■ **YOUR GOAL**: Output only the lines below from the one holding "APACALI 8 Stück" down to the one holding "600x537 Purple Neon", both end lines included and every picture dropped.

++++ DATA FOR THE TASK ++++

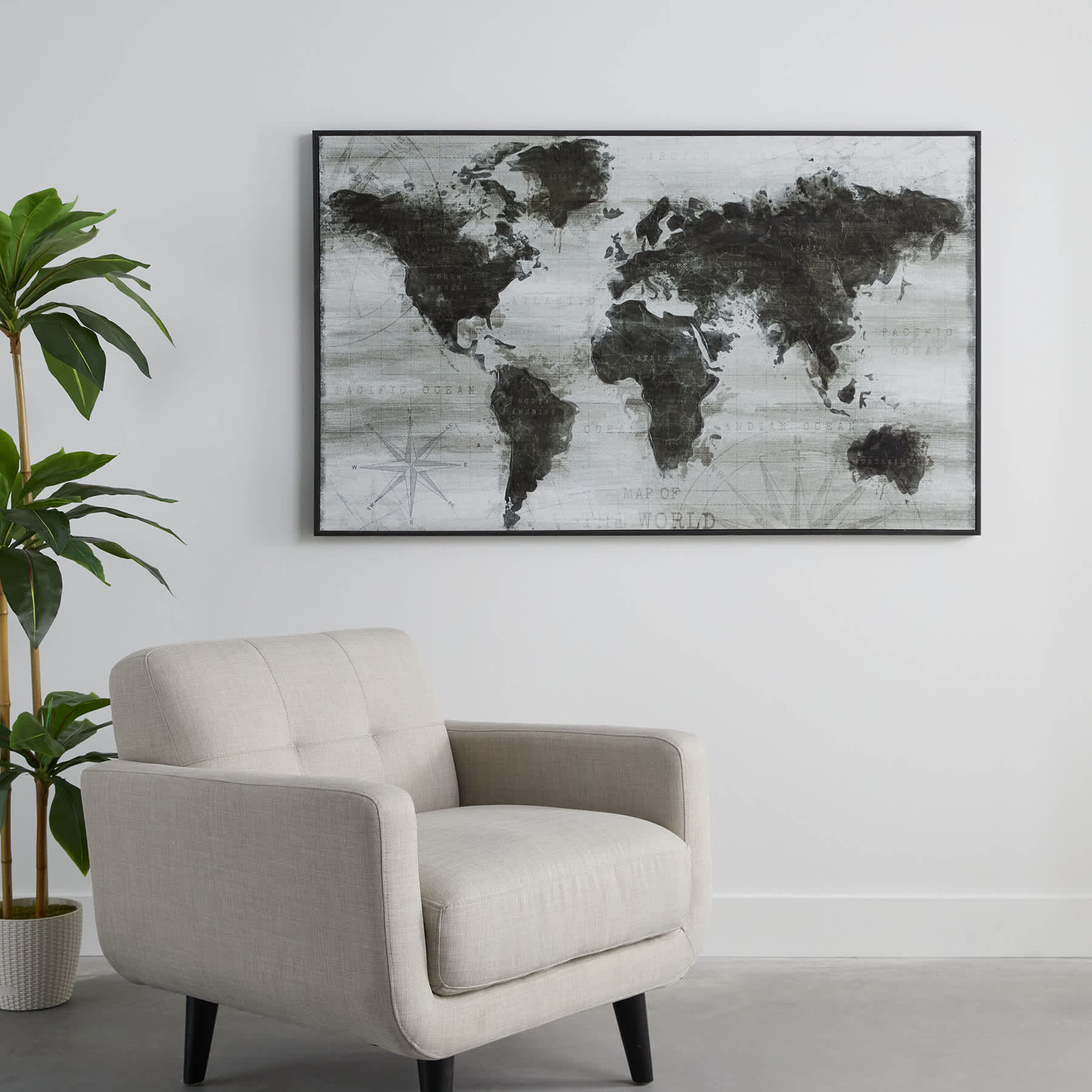 Found & Fable Black & White Map Framed Canvas Wall Art, 61x36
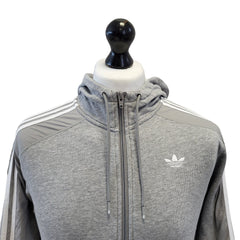 Adidas Grey Drawstring Zipped Sweatshirt Hoodie Uk Men's Small G475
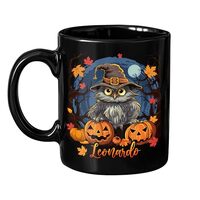 FLOCHIL Personalized Halloween Owl Mug, Custom Owl Mugs For Women With Name, Gift For Halloween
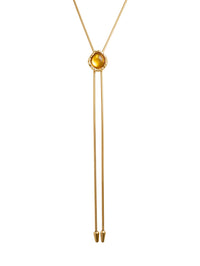 Close-up of the citrine centerpiece and lab diamonds on the BOLOLA NYC Lolita Bolo in Gold.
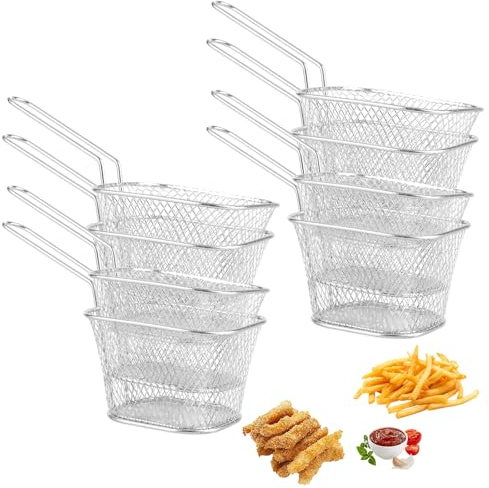 APACALI 8 Stück Pommes Körbchen zum Servieren, Frittierkorb Klein Servierkörbchen Edelstahl, Mini Frittierkörbe zum Servieren, Körbchen Pommeskörbchen für Pommes Frites Garnelen Zwiebelringen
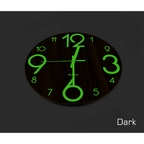 Glow In Dark Wall Clock Luminous Quartz Wooden Non Ticking Home Decor 12''/30cm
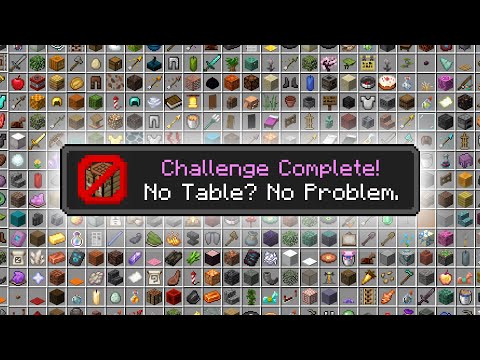 Obtaining Every Minecraft Item without a Crafting Table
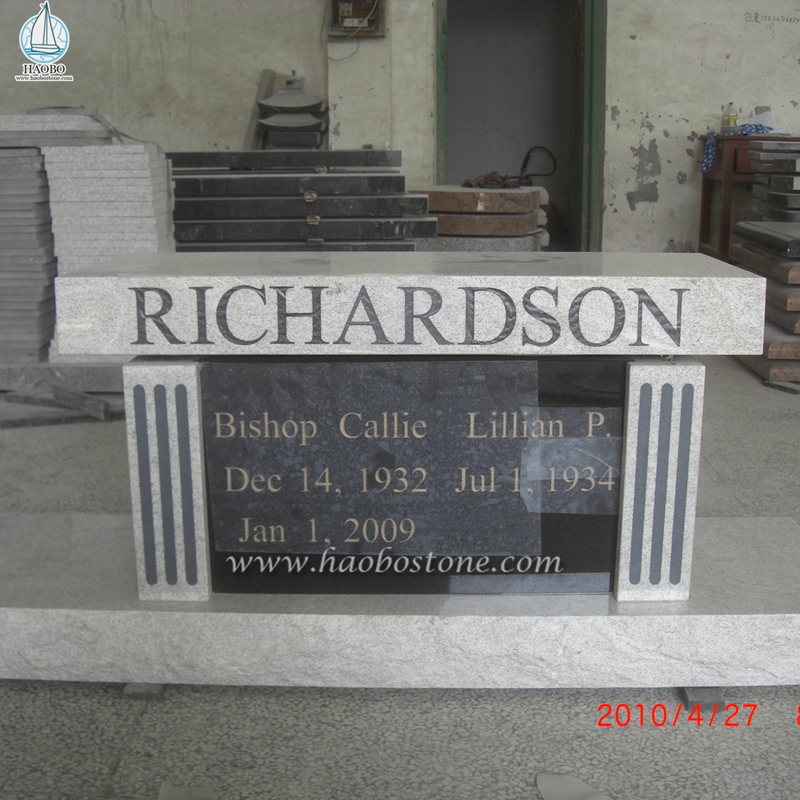 Grey Granite Simple Design Monument Bench for Cremation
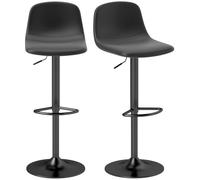 HOMCOM Set 2 Sgabelli Cucina con Schienale e Poggiapiedi Girevoli Nero | Sgabelli Alto da Bar e Bancone, Altezza Regolabile, Imbottitura in Pelle PU, Sedie Alte da Bar Girevoli a 360°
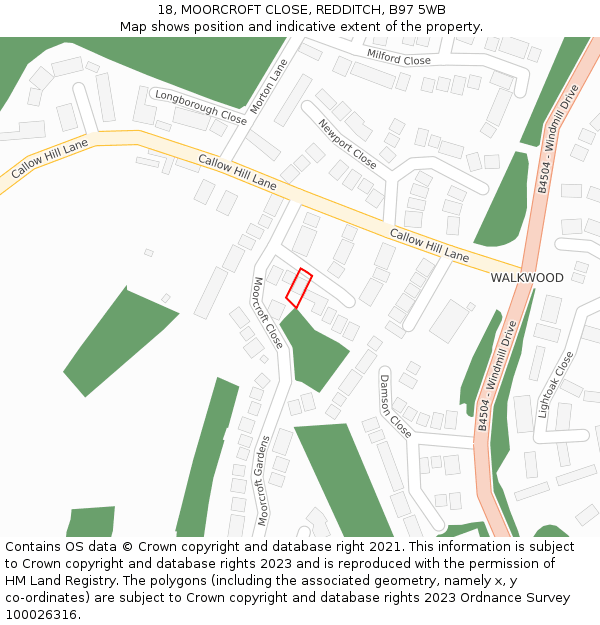 18, MOORCROFT CLOSE, REDDITCH, B97 5WB: Location map and indicative extent of plot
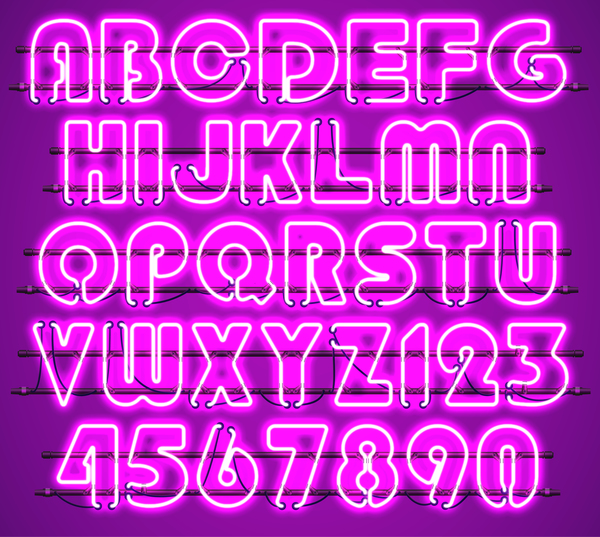 600x537 Purple Neon Alphabet With Numbers Vector Free Download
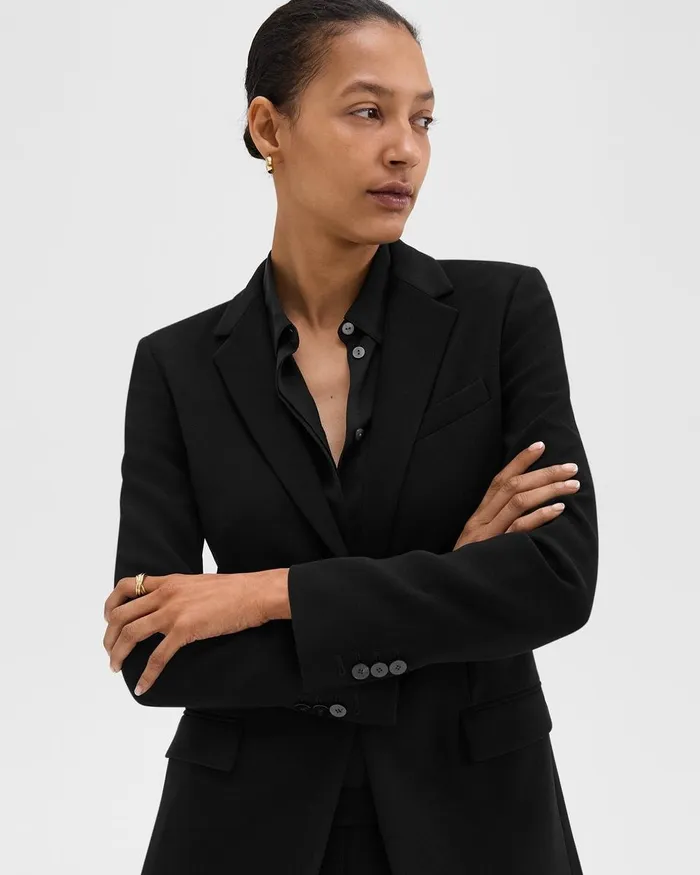 Women Theory Blazers Jackets Staple Blazer In Admiral Crepe Black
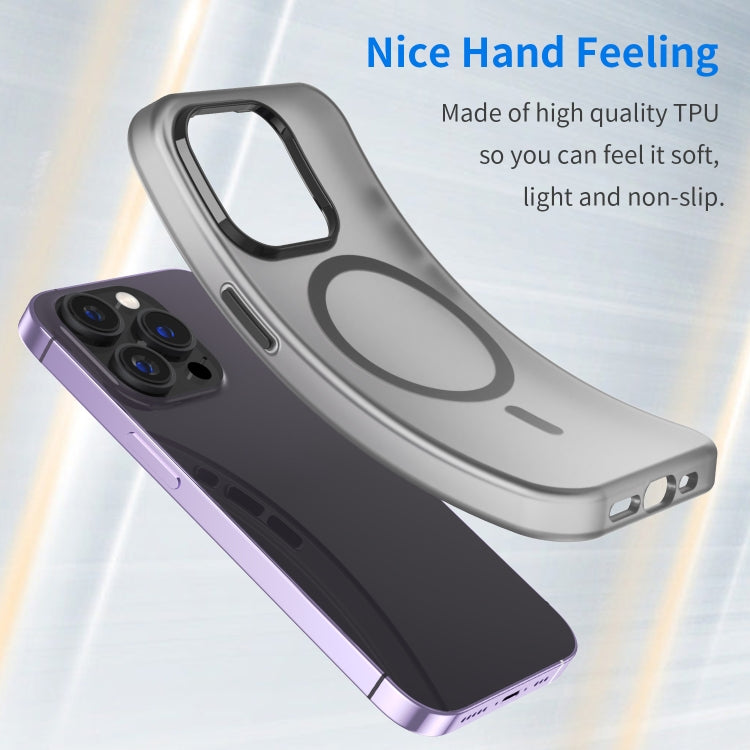 For iPhone 14 Pro Max MagSafe Frosted Translucent TPU + PC Full Coverage Phone Case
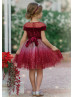Beaded Ombre Tulle Sparkly Stars Flower Girl Dress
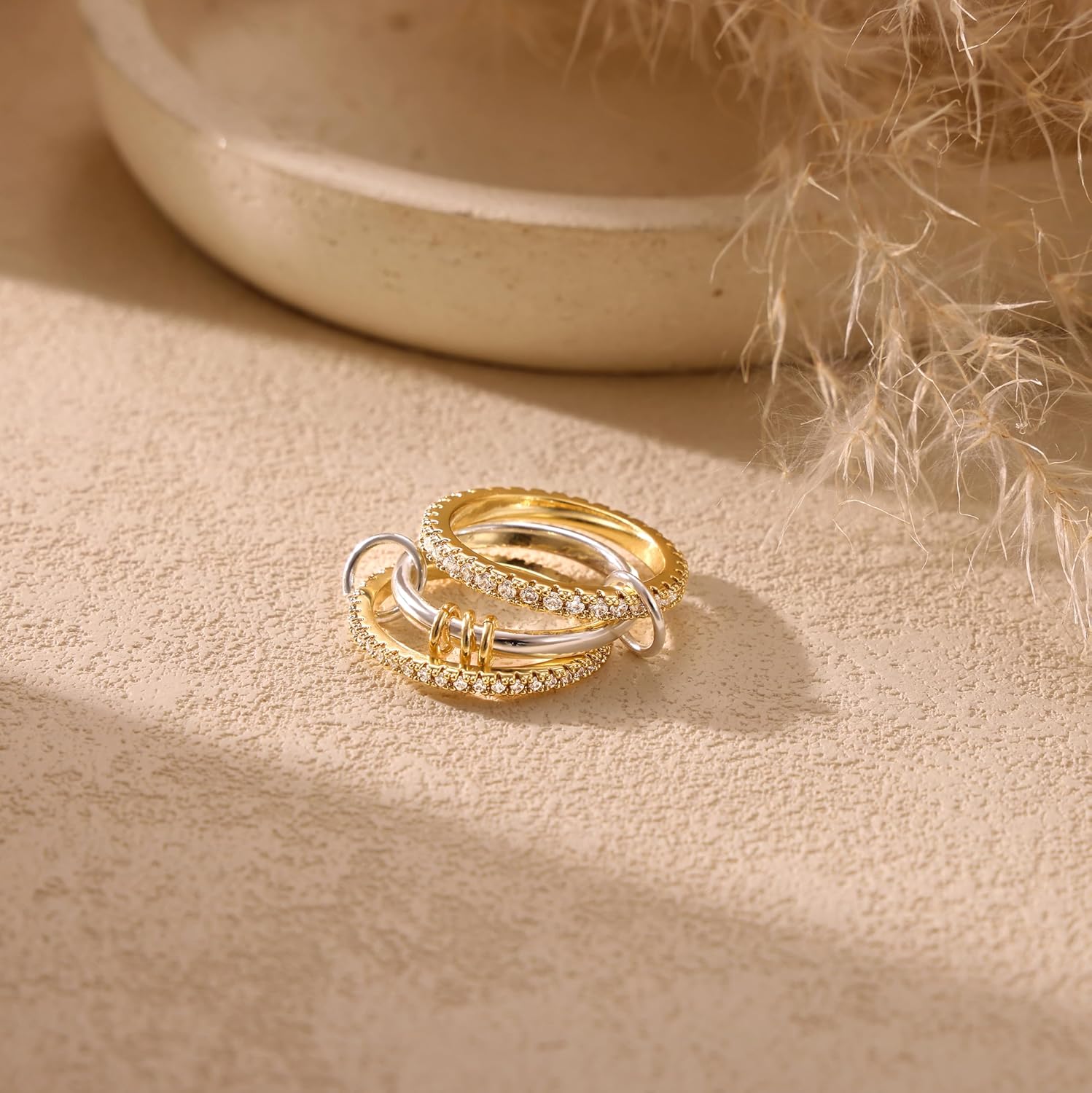 Stackable Rings for Women Non Tarnish, 14K Gold/Silver Plated Cubiz Zirconia Ring Dainty Chunky Gold Plated Rings Multi Ring Mixed Metal Stacking Rings Set Gold Jewelry for Women Gifts - Image 6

++++

■ **THE COMPLETED TASK**:
 APACALI 8 Stück Pommes Körbchen zum Servieren, Frittierkorb Klein Servierkörbchen Edelstahl, Mini Frittierkörbe zum Servieren, Körbchen Pommeskörbchen für Pommes Frites Garnelen Zwiebelringen
 Glow In Dark Wall Clock Luminous Quartz Wooden Non Ticking Home Decor 12''/30cm
 Obtaining Every Minecraft Item without a Crafting Table
 Grey Granite Simple Design Monument Bench for Cremation
 HOMCOM Set 2 Sgabelli Cucina con Schienale e Poggiapiedi Girevoli Nero | Sgabelli Alto da Bar e Bancone, Altezza Regolabile, Imbottitura in Pelle PU, Sedie Alte da Bar Girevoli a 360°
 18, MOORCROFT CLOSE, REDDITCH, B97 5WB: Location map and indicative extent of plot
 600x537 Purple Neon Alphabet With Numbers Vector Free Download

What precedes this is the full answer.